Antes de ti, nunca quis a fuga. Não pretendo terras estrangeiras. A minha pátria foi, é e sempre será onde estiverem as raízes que me dão forças. O meu pai. A quem cobicei a honra e a glória. A minha farda de soldado sem graduação. A máscara anónima que mais convém a quem tudo quer para nada ter. E agora... tu. Porto de abrigo. Almofada onde me posso agarrar quando as memórias são mais que as vontades. Coroa melhor de uma moeda já gasta. Talvez isto seja bem mais que amor. Mais que paixão ou desejo carnal. E bem longe de ser (apenas) destino. Tu és realmente a minha morada - endereço do meu sentir. E descubro que há muito que habito em ti. Porque me espelho na tua alma, quando me acolhes... mais ainda quando me agrides, quando me obrigas a ser mais que um homem. E porque me enterro na tua carne. Em cada pormenor da tua figura quero eu estar e ficar. Em cada recanto da tua perfeita silhueta há para mim uma batalha que eu venci. É uma vontade salivar de te sorver inteira. E assim, mais do que sermos um, tu és uma extensão aprimorada desta máquina que com dificuldade vou gerindo. Um coração que bate mais ritmado porque se afoga numa grinalda de flores. Um coração que é candura mas também luxúria. Cúmplice mas também dependente. Sim, minha estrela-guia-do-sul, eu dependo de ti. Como outrora fui prisioneiro de uma loucura que fingi dissimulada, sou agora teu servo. Talvez devesse mesmo odiar-te por isso. Por me teres tomado de mim - teres roubado o meu corpo para teu alimento - roubado a minha alma para teu consolo - roubado a minha paixão para teu destino. E por me deixares vazio de tudo o que eu era antes, na esperança do pouco que posso ser agora.
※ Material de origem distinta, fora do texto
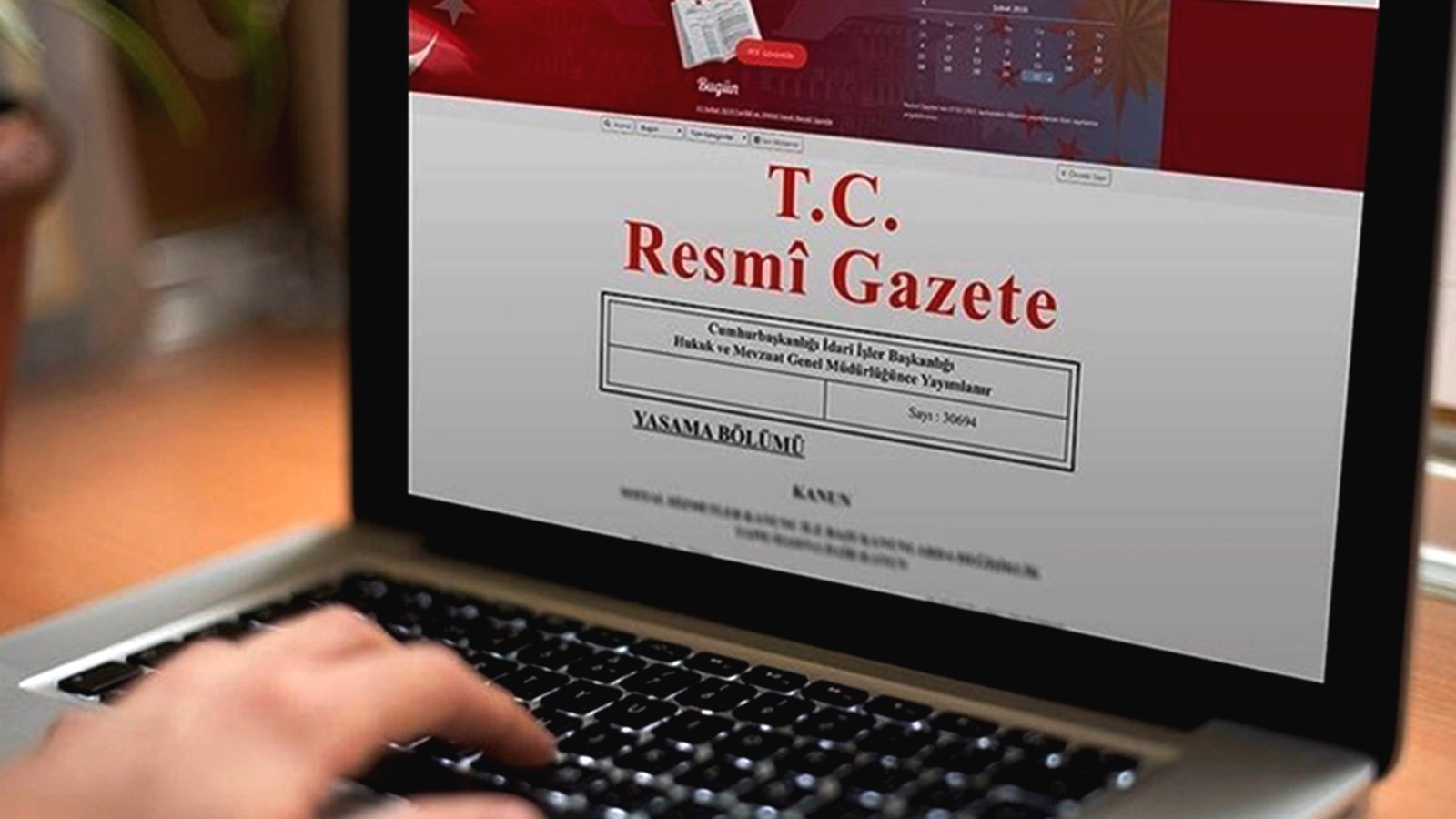 Atama kararları Resmi Gazete de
Mas não consigo. Não agora, que a minha estória vai sendo desnivelada e que o fim está próximo. Nasci, não para abraçar um reino de homens e lugares, mas para hesitar e acorrentar-me a uma ilusão. A ilusão de que há um corpo diferente dentro deste visível. Que posso - e quero - ter outro nome. Não mais ser príncipe, nem homem de missão. Ser um sexo, uma alma e um desejo. Ser sangue a chorar dos olhos e suor a escorrer da boca. E tudo isto - esta vontade - por ti. E para ti. És tu a chave. Ontem como hoje. Talvez mesmo amanhã (se ainda aqui estivermos). Nos devaneios de um rei-ainda-por-ser que ambicionava ser homem, descobriu-se uma mulher a querer ser estrela. Antes de ti estava só - um corpo aprisionando duas almas. Mas tu és igual a mim. Mulher e estrela, recato e força. E nessa surpresa de te descobrir, desenhou-se um caminho. De fuga. Só nossa. Sem possibilidade de sucesso, mas também sem poder recuar. Arranquei-te dos braços do rio - arrancaste-me das malhas do destino. Nenhum plano. Nenhuma vontade. Só o caminho.
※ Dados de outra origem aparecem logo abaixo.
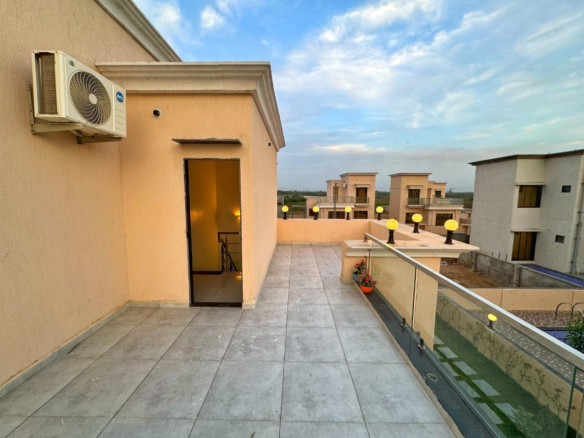 Saundarya Villa Olpad Surat private pool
Agora, num quarto sombrio, aqui estamos. Os dois. Sem mais nada. Mão na mão. Sexo com sexo. Sangue e suor misturados. Já nada precisa de explicação. Enfrentaremos juntos a luz que se apresenta ao fundo. Eu - agora - não a temo. De dia para dia, noite, hora e momento, os meus fantasmas são mais ténues. Lá fora as bombas caem, e uma delas certamente nos levará na derradeira viagem. Mas não precisamos fazer nada. Tudo está acabado e perfeito. As palavras já ditas são suficientes. Aguardemos em silêncio. Abraçados. Enleados. O meu exército pode enfim baixar as armas. E o teu jardim já floriu. Valeu (mesmo) a pena a vida ter sido vivida.

Sempre teu,
H. (R)

2 comentários:

Putty Cat disse...

Muito, muito bom.

angel_of _dust disse...

obrigado amiga... estive fora. mas, sei agora, teria de voltar - por necessidade. e aqui estou.